WORK ORDER | In the listing below, repeat exactly every line from the first through the line containing "Black hooded zip", with nothing else.

· · · · · · ·

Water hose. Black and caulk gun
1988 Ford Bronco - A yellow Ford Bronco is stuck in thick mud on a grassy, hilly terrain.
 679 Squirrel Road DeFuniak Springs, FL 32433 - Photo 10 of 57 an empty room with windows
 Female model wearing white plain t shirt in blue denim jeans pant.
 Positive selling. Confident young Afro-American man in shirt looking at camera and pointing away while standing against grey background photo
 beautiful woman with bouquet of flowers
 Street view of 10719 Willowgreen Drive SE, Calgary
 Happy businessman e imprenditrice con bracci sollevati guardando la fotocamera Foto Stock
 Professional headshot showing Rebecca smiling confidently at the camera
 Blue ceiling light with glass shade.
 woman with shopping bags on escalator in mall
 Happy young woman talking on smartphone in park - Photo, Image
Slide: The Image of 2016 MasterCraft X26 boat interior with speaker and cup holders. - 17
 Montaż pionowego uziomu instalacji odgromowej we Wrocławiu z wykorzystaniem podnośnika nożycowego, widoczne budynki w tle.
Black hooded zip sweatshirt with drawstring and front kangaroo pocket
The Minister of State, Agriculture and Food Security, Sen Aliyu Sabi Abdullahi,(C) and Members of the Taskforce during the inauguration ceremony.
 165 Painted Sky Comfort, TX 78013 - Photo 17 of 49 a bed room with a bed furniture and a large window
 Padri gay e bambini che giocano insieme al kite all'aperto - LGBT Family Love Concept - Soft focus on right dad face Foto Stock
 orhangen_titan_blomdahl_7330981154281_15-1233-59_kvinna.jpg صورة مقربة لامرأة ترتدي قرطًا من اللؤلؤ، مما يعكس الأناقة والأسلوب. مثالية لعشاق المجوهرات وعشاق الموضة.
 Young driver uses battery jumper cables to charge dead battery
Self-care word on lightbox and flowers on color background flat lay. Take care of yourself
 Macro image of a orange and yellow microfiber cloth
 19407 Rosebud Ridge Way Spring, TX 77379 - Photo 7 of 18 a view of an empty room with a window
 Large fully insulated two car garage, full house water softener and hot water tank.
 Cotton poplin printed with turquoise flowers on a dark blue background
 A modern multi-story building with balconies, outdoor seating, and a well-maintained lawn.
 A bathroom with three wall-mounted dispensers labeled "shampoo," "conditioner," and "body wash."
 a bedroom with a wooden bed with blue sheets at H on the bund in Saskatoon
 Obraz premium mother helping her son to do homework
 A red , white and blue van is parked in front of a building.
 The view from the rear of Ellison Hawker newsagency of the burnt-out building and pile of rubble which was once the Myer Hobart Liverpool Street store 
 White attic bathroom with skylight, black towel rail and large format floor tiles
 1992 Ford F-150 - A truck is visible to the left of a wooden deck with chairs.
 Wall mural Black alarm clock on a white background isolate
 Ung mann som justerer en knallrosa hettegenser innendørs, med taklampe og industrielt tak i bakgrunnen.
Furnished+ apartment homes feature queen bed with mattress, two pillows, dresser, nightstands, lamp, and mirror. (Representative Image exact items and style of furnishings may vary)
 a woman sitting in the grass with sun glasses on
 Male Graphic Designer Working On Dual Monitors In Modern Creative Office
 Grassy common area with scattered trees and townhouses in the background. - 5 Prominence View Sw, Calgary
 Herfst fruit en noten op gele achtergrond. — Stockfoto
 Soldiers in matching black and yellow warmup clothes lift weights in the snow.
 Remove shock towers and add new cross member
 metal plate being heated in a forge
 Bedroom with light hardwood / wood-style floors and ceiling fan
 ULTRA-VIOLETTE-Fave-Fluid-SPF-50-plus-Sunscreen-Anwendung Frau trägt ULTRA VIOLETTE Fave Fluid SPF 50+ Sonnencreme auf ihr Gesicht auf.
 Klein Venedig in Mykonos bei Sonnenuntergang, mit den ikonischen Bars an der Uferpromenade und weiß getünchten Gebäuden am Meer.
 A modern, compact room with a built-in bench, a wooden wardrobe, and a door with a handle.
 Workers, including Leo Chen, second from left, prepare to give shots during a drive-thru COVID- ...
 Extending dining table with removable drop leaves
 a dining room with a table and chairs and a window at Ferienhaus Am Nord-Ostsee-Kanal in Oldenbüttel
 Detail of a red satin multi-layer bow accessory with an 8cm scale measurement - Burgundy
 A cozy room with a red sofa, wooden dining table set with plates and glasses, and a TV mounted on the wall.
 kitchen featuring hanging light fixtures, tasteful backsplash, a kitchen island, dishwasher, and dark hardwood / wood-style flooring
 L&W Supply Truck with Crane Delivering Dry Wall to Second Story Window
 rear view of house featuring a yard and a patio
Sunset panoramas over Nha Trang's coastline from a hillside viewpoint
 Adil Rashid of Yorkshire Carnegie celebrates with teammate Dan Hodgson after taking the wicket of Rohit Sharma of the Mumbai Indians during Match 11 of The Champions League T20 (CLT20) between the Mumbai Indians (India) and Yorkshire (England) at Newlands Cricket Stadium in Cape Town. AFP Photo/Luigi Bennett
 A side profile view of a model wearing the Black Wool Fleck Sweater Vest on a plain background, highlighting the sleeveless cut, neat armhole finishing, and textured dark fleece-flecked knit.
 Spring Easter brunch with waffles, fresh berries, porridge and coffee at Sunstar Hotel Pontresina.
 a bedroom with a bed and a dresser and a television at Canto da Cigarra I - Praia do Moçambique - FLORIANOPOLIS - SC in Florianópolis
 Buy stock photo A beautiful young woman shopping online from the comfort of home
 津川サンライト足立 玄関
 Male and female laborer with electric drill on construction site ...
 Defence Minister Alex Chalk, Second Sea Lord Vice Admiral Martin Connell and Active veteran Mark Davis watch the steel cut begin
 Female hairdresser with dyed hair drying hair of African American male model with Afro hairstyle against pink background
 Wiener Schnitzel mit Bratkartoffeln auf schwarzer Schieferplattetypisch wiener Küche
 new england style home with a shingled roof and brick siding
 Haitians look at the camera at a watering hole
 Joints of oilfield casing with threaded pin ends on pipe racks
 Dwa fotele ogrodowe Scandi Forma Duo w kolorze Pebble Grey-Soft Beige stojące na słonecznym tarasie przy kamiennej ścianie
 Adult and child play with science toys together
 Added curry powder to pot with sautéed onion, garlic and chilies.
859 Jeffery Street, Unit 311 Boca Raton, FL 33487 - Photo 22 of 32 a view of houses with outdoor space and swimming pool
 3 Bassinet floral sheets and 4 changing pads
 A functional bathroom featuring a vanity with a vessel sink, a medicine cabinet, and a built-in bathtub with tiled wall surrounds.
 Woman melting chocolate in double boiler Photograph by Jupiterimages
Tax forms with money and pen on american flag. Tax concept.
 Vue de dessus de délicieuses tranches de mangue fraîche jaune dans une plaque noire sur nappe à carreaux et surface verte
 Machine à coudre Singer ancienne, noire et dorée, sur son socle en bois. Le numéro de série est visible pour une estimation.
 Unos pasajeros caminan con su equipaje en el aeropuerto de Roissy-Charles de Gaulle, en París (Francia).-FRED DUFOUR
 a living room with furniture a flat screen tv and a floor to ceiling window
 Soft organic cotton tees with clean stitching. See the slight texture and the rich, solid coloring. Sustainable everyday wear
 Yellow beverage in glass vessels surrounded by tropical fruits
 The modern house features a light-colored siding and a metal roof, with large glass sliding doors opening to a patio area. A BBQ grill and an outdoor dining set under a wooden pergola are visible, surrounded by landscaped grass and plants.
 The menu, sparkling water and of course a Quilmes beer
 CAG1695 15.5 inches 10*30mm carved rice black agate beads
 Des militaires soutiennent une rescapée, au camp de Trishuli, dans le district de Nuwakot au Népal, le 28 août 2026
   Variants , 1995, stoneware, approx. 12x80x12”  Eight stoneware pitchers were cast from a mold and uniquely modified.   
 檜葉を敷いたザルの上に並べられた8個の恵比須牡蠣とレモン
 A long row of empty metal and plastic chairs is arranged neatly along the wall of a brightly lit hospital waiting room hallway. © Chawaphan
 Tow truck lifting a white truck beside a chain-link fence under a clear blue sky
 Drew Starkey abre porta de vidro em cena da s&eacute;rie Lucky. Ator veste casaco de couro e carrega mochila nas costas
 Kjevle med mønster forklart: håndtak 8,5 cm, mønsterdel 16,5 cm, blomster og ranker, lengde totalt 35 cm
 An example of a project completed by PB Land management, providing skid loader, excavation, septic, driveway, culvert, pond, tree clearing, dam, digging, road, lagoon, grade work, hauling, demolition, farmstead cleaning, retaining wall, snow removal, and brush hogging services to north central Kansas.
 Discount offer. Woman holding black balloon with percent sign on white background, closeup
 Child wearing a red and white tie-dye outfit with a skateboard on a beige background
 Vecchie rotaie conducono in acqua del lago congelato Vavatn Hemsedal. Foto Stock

· · · · · · ·

TASK OUTPUT |
Water hose. Black and caulk gun
1988 Ford Bronco - A yellow Ford Bronco is stuck in thick mud on a grassy, hilly terrain.
 679 Squirrel Road DeFuniak Springs, FL 32433 - Photo 10 of 57 an empty room with windows
 Female model wearing white plain t shirt in blue denim jeans pant.
 Positive selling. Confident young Afro-American man in shirt looking at camera and pointing away while standing against grey background photo
 beautiful woman with bouquet of flowers
 Street view of 10719 Willowgreen Drive SE, Calgary
 Happy businessman e imprenditrice con bracci sollevati guardando la fotocamera Foto Stock
 Professional headshot showing Rebecca smiling confidently at the camera
 Blue ceiling light with glass shade.
 woman with shopping bags on escalator in mall
 Happy young woman talking on smartphone in park - Photo, Image
Slide: The Image of 2016 MasterCraft X26 boat interior with speaker and cup holders. - 17
 Montaż pionowego uziomu instalacji odgromowej we Wrocławiu z wykorzystaniem podnośnika nożycowego, widoczne budynki w tle.
Black hooded zip sweatshirt with drawstring and front kangaroo pocket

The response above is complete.